To develop the Red List framework for ecosystems, researchers had to balance devising criteria that was both scientifically robust, but also practical and able to be used across a wide range of ecosystem types and threats.  Through an extensive international consultation process, the project team identified five criteria for ecosystem decline and degradation which encompass both threats to the spatial distribution of ecosystems as well as their processes and functions.

Professor David Keith, of the University of New South Wales and the NSW Office of Environment, who leads the project said “changes in the distribution of an ecosystem, its physical environment and its component species can each tell us something different about the severity of risks, and these symptoms can now be assessed in standard ways across different types of ecosystems”

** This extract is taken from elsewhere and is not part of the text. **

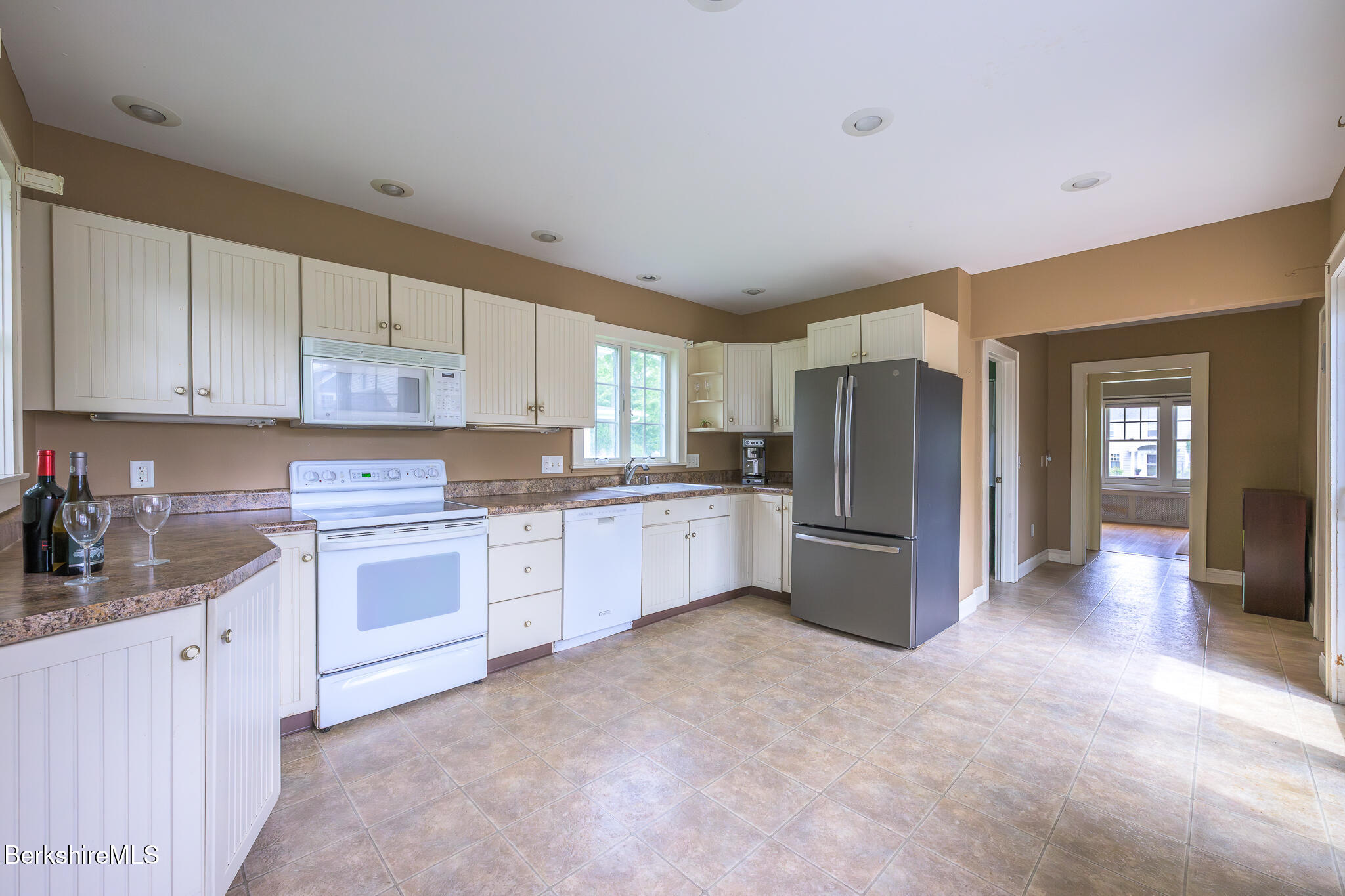 16 Revere Pkwy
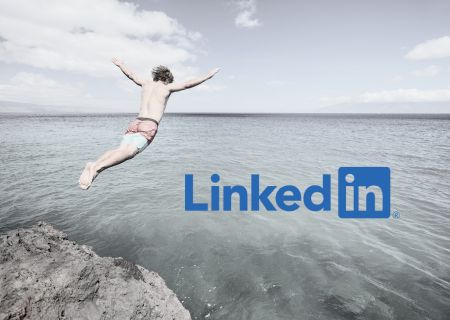 Mensch springt ins Meer mit LinkedIn Logo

The study tested the new criteria in 20 distinct ecosystems spanning multiple land and seascapes, continents, and types of threat to illustrate the implementation of the Red List ecosystems framework.   Dr. Jon Paul Rodriguez, at the Centro de Ecología, Instituto Venezolano de Investigaciones Científicas, CERC adjunct research scientist, and joint leader of the project for IUCN, is continuing to work on refining the framework and criteria for the new Red List, which they are aiming to complete by 2025.  The hope is that it will become a valuable tool for strengthening global capacity to monitor biodiversity consistently across nations, track progress, and promote a new understanding of  the steps necessary for the conservation of species and ecosystems everywhere.